Skip the pictures. Copy all the rest of the records down exactly.

————————

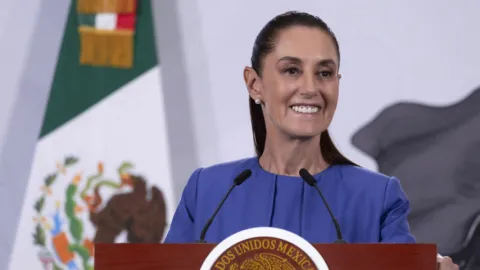 Estamos fortaleciendo los Consulados de México en EU: Presidenta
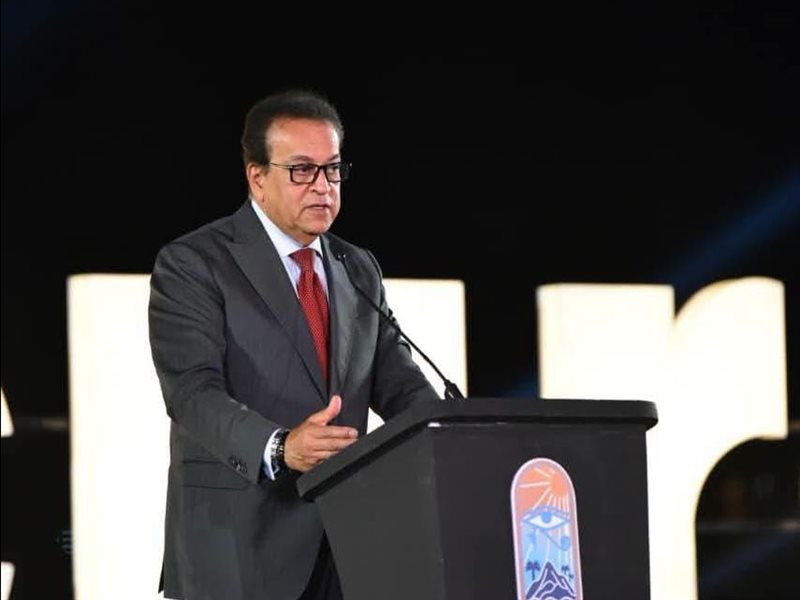 الدكتور خالد عبدالغفار، وزير الصحة 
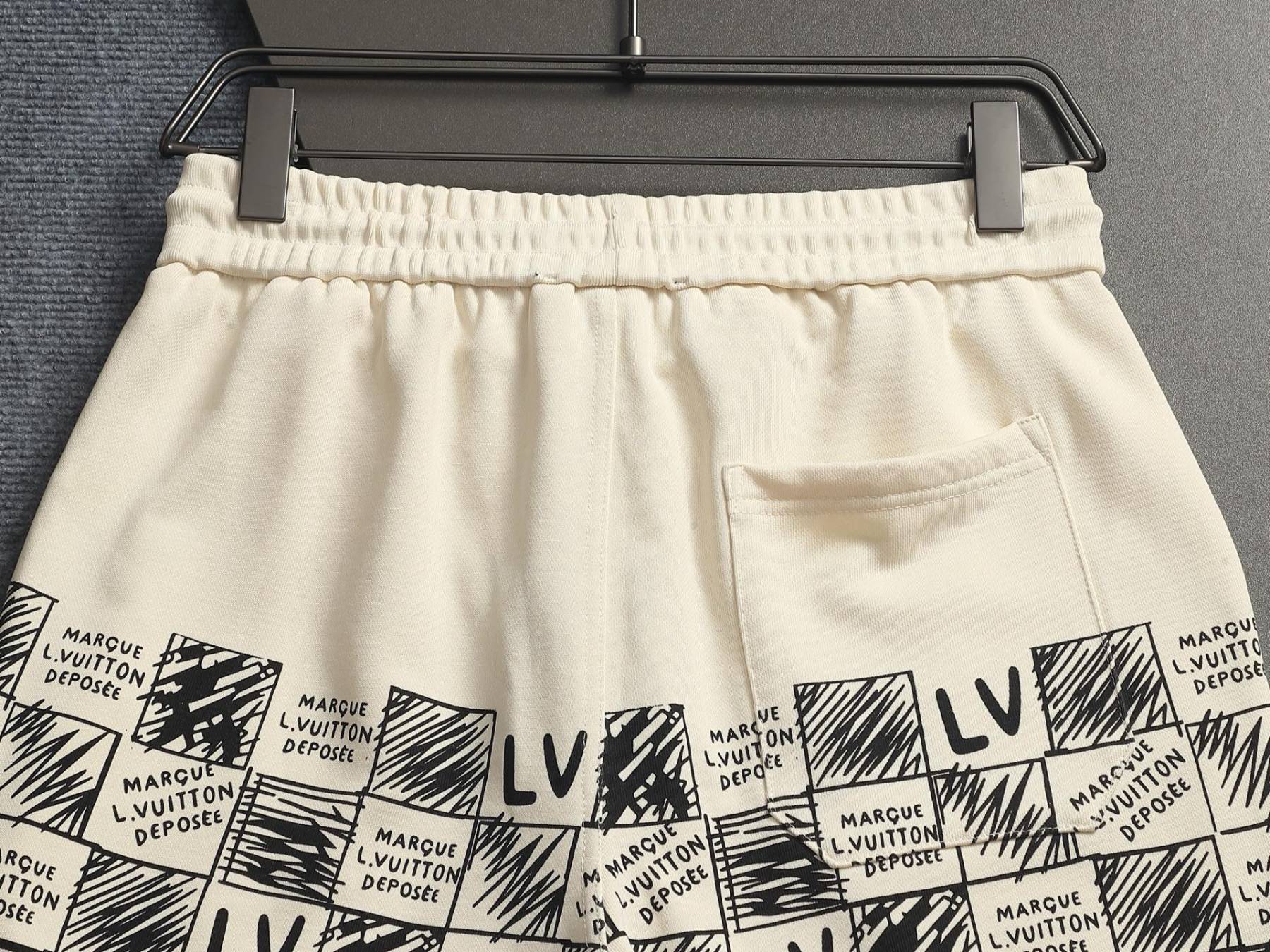 【LOUIS VUITTON】ショートパンツ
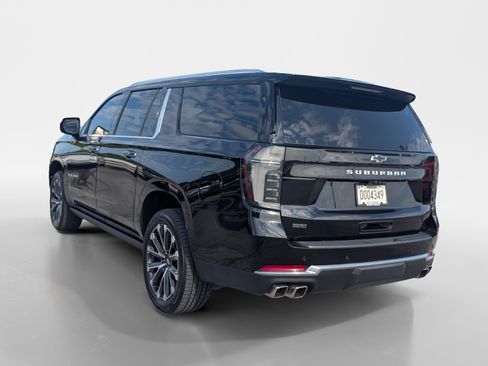 Used 2025 Chevrolet Suburban High Country AWD/4WD image 4
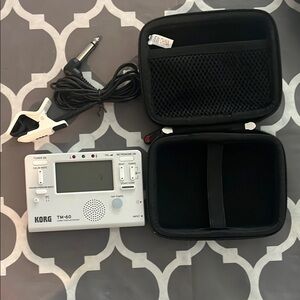 TM-60 White Tuner Metronome with Case
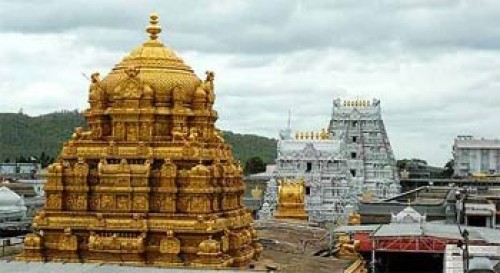 తిరుమలలో కొనసాగుతున్న భక్తుల రద్దీ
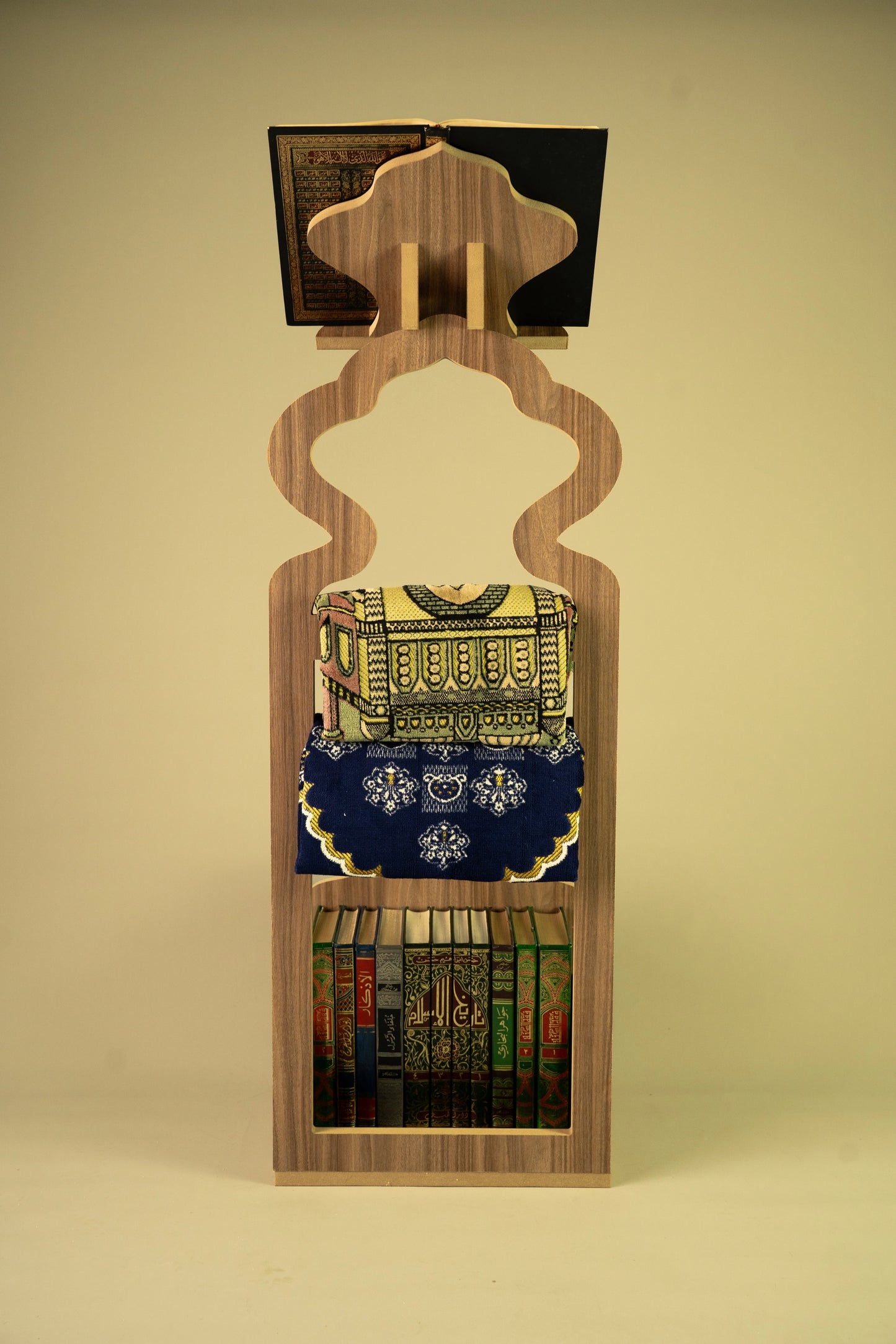 Meuble de prière en noyé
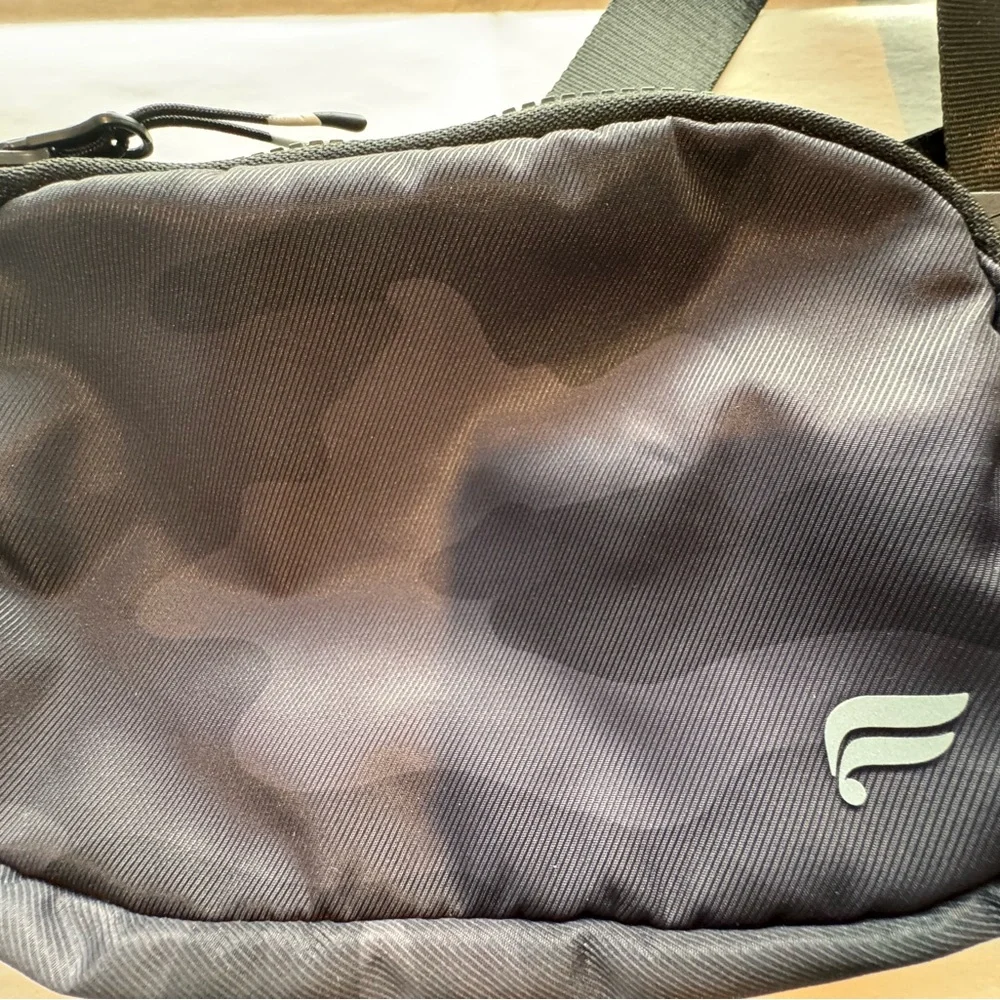 🔥FABLETICS Black Camouflage Men's Bag🔥 - Picture 4 of 8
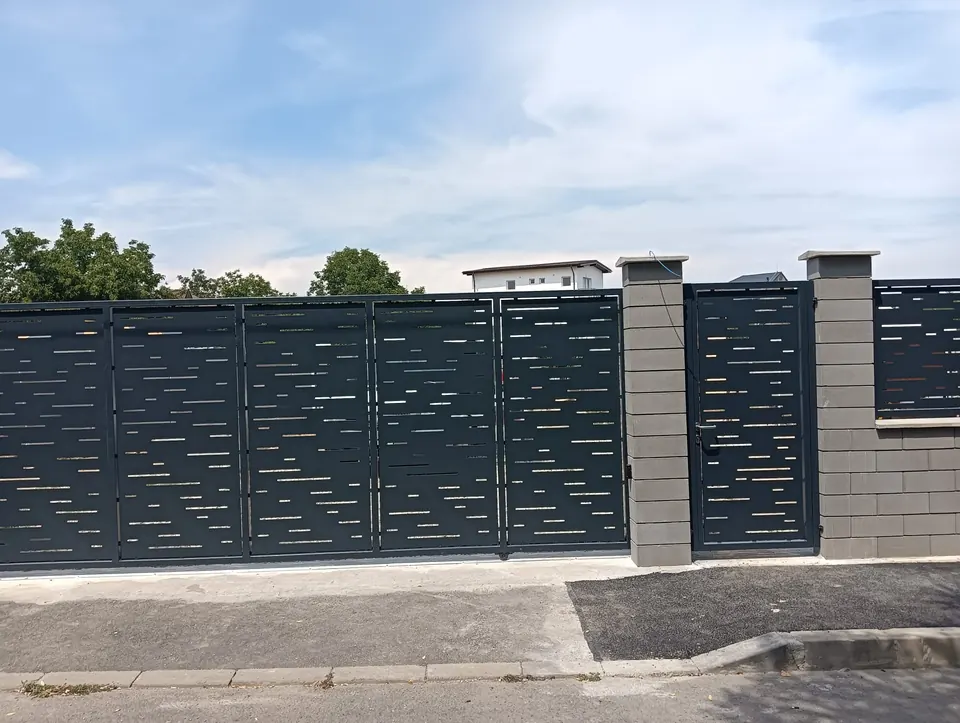 Poartă, portiță și gard cu decupaje liniare debitate laser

————————

◆ **Completed exercise**
 Estamos fortaleciendo los Consulados de México en EU: Presidenta
 الدكتور خالد عبدالغفار، وزير الصحة 
 【LOUIS VUITTON】ショートパンツ
 Used 2025 Chevrolet Suburban High Country AWD/4WD image 4
 TM-60 White Tuner Metronome with Case
 తిరుమలలో కొనసాగుతున్న భక్తుల రద్దీ
 Meuble de prière en noyé
 🔥FABLETICS Black Camouflage Men's Bag🔥 - Picture 4 of 8
 Poartă, portiță și gard cu decupaje liniare debitate laser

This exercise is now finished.